Bonne nouvelle : par sa plume anticonformiste, il excelle également dans l’art de la nouvelle. Pour s’en convaincre, il suffit de s’attaquer au recueil Adiós à Mamá paru aux éditions du Serpent à Plumes en 1993 (traduit de l’espagnol par Liliane Hasson), puis épuisé après une seconde édition… et fort heureusement réédité en 2008 aux éditions Mille et une nuits.

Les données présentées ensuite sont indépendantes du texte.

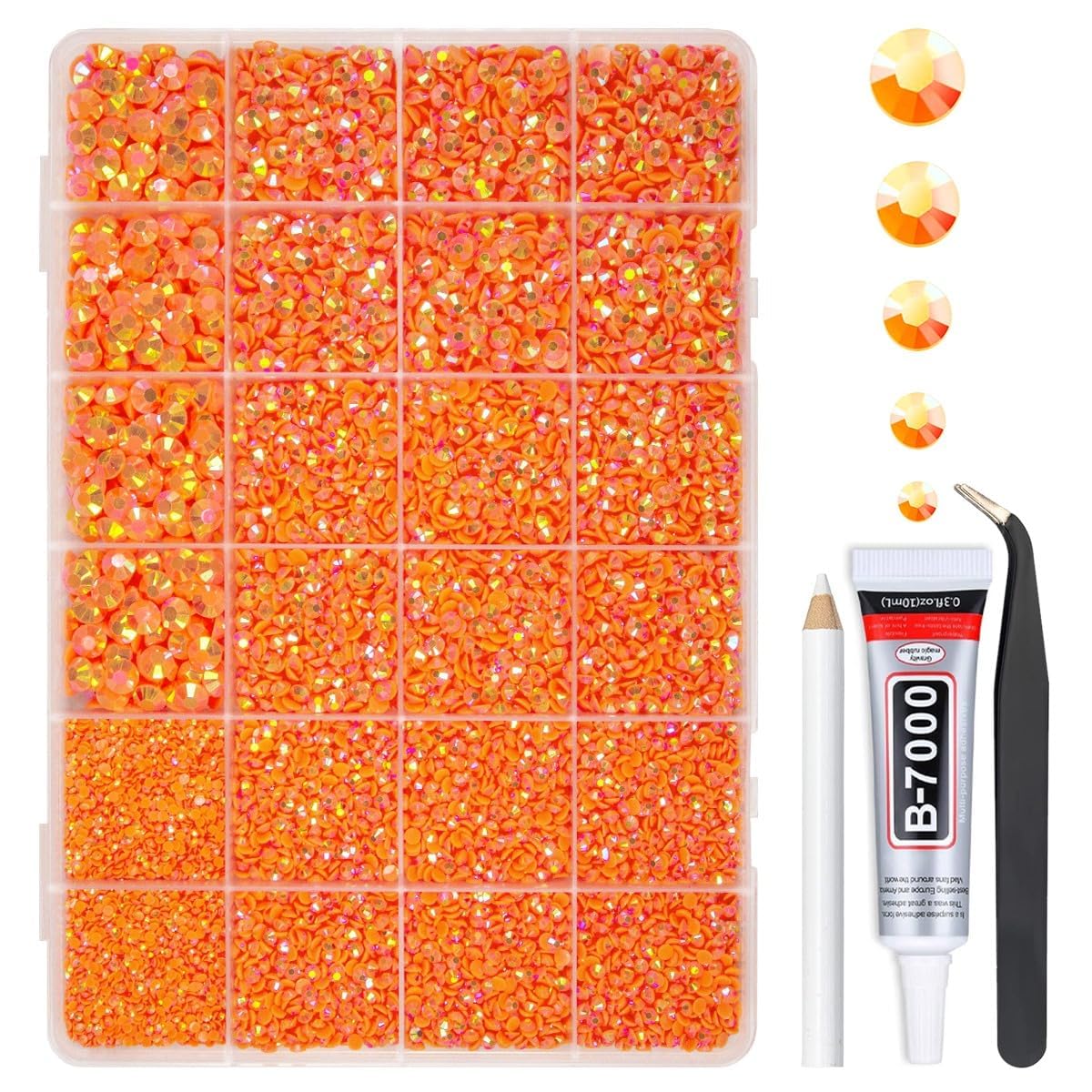 qiipii Neon Orange AB Resin Rhinestones w B7000 Jewelry Glue for Bedazzling Crafting 2mm-6mm Flatback Jelly Stones Diamonds Gems Bedazzler Kit Charms for Nails Face Eyes Makeup Tumblers Bottles Crafts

Késako ? Peu de temps avant sa mort, l’écrivain rassemble huit nouvelles écrites à La Havane, Miami et New York de 1963 à 1987 et que je m’amuse, dans ce billet, à reclasser dans l’ordre chronologique de leur gestation :

  • « Il se passe quelque chose sur le dernier balcon » (1963) : récit accéléré de la vie d’un Cubain.
  • « Traître » (1974) : monologue féminin mettant en scène l’après-Castro.
  • « Adiós a Mamá » (1973-1980) : cérémonie d’adieu scatologique d’une ribambelle d’enfants à leur maman.
  • « Mémoire du pays » (1973-1980) : conte de la dévastation et de la réunion.
  • « Fin d’un conte » (1982) : sobre et vibrant adieu à un amour défunt, également exilé.
  • « La Tour de verre » (1986) : parachutage délicat à Miami d’un avatar de l’écrivain en veine de création.
  • « La Comète de Halley » (1986) : conte féminin oscillant entre droiture sinistre et joyeuse dépravation (un cran de + par rapport à Dona Flor et ses deux maris :p).
  • « La Grande Force » (1987) : bref conte humoristique revisitant la genèse d’une religion lambda.

Bzzzzz

PORTRAIT DE L’ÉCRIVAIN,

CE DIEU DEVENU FOU (ou inversement) 

Un portrait de l’écrivain se dessine au fil des nouvelles, complexe & sans concession. A commencer par son personnage-miroir Alfredo Fuentes, écrivain cubain qui, arrivant à Miami, est invité dans « La tour de verre », chez « l’hôtesse des lettres cubaines en exil » afin — c’est ce qu’il a cru comprendre — de trouver éditeur à sa plume. Que nenni, c’est lui qui se retrouve assailli par une palanquée d’auteurs en quête de financements ! La soirée mondaine tourne au vinaigre, lors même que l’écrivain phare s’enferme dans ses pensées, composant, mentalement, sa nouvelle œuvre. Le malentendu… des plus complets… décalage entre le dit et le non-dit des cultures… le fait passer pour fou :

– Allez, mon vieux, lui intima la poétesse couronnée, pas de fausse modestie, dites donc, de vous à moi, à combien s’élèvent vos royalties ?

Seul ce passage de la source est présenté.